これは、家電業界や住宅業界などにも当てはまる現象だ。
こうして考えていくと、日本の産業の将来はそんなに明るいものではないし、小手先の産業支援策や減税政策などで解決出来る問題でも無いように思われる。
どうしても欲しいものなら多少、無理してでも買う。
ニーズを満たすだけなら、少しでも安いものを買う。
これが庶民の感覚ではないだろうか。
物価は需要と供給の関係により変化するものであることをもう一度、認識する必要があるように感じられる今日、この頃である。


2013年2月12日火曜日

安倍内閣の支持率上昇・・・だけど、日本経済の先行き見えず

安倍内閣の支持率が上昇しているようだ。
一言で言えば「民主党政権よりマシかな。

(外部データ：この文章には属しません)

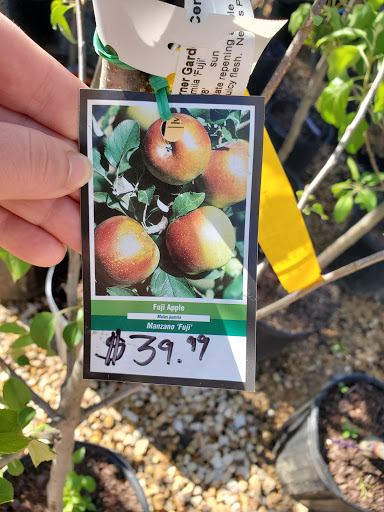 Garden Center «Ivy Corner Garden Center Gift Shop», reviews and photos, 4305 Ivy Rd, Charlottesville, VA 22903, USA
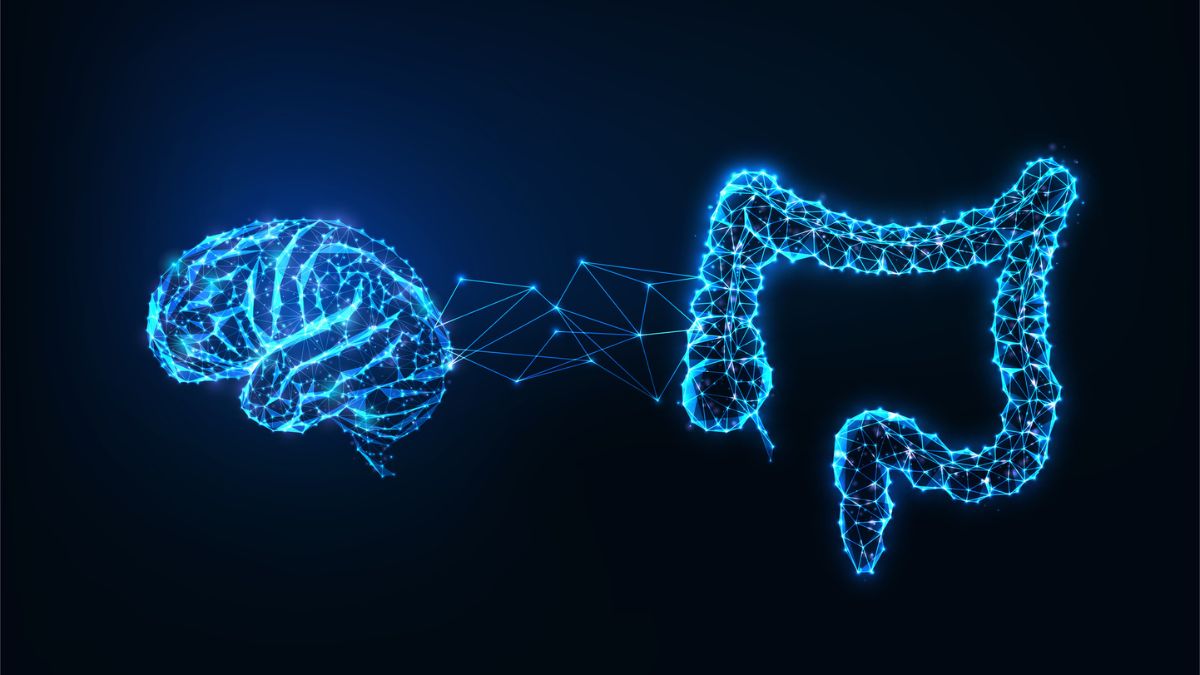 The Connection Between Your Gut and Brain Might Provide a New Approach to Combat Cognitive Decline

」と感じる国民が多いということだろう。
積極的な評価でないことだけは、間違いないだろう。
もう一点、挙げるとすれば、自民党に対抗できる政党が存在しないに等しいような状況に陥り、国民の選択支がなくなってしまったことが挙げられる。
バブルの支持率と言えるだろう。

円安、株高が進み、一見、日本経済が明るい方向に向かい始めたかのような錯覚を受けやすいが、実態はそんな楽観視できるような状態ではない。
わかりやすい例としてトヨタの連結決算の業績予測を挙げてみよう。営業利益の80%は為替差益によるものだ。純粋な生産や販売台数の増加によるものでない。いわゆるバブル的な利益だ。
だから雇用増にはつながりにくい。
同様に、円高の影響による株高により企業の有価証券の含み益が増加するので一部の企業では利益が増加するが、これもバブルだ。営業活動による利益ではない。
このように、今の日本経済の状況は純粋な需要増による景気回復局面にはいたっていないので、冷静に見る必要がある。
景気回復のためには、「賃金上昇(家計所得の上昇)が大きな条件になる」と一般的には言われているが、これは正確には「家計の可処分所得が上昇することが大きな条件になる。」と言うべきだろう。
いくら賃金が上昇しても、賃金上昇分以上に、物価や税金、社会保険料や電気代などの上昇を招けば実質の可処分所得は低下することになる。
今までは、家計所得の減少分をデフレでカバーしてきた側面がある。
これは、ここ十数年の日本の小売業界の動向をみればよくわかる。
いわゆる中間層と言われる、可処分所得にある程度の余裕がある所得層が減少するとともに、いわゆる100円ショップやドラッグストアー、家電量販店、家具の量販店、ユニクロに代表される衣料の量販店、低価格の飲食店チェーンなどの低価格を売り物にする業態が急速にシェアを伸ばしている。
つまり、家計の可処分所得の減少に反比例して低価格を売り物にする業態が急速にシェアを伸ばしたのである。
低価格商品に対するニーズが急速に高まったと言い換えることができるのかもしれない。
あくまで個人的な意見だが、足腰の強い景気回復を目指すには、可処分所得を増やす政策が必要になるということだ。勿論、そのためには賃金のアップや需要の創出も必要だ。雇用の増加も必要だ。しかし、それらが家計の可処分所得の増加に繋がらなければ、本格的な景気回復を望めないのではないだろうか。
政治家や役人、学者は物事を複雑に見ようとするが、もっとシンプルに見るべきではないだろうか。
「無い袖は振れない。」
それが、毎日、数百円の小遣いで我慢している多くの庶民の声だと思う。

2013年2月4日月曜日

補正予算が出てきた。・・・地方の現状

大型の補正予算が地方にも廻ってきはじめている。
知り合いの建設コンサルタントが、「かなり仕事が出てますよ。」と言っていた。
しかし、急に出てきた仕事なので地元の業者も戸惑っているようだ。
実際に土建業者の数は全国でもかなり減っている。急に仕事が増えてもすぐに対応できるかといえば、必ずしもそうではなさそうだ。
この状態がいつまで続くのかもわからず、建設業者の中でも、この機会に儲けるだけ儲けようと考える事業者と数年後の状況を考え慎重に対応しようと考えている事業者に分かれているようだ。
ただ、話を聞いていると、無理に作ったような事業がかなりあるようだ。
毎度のことだが、選挙対策用の事業なども多くあるようだ。
すべてが無駄とは言わないが、公共事業予算が選挙や政争の具に使われることに関しては、納得いかない。また、どうしても必要な事業は本来、本予算で手当すべきであろう。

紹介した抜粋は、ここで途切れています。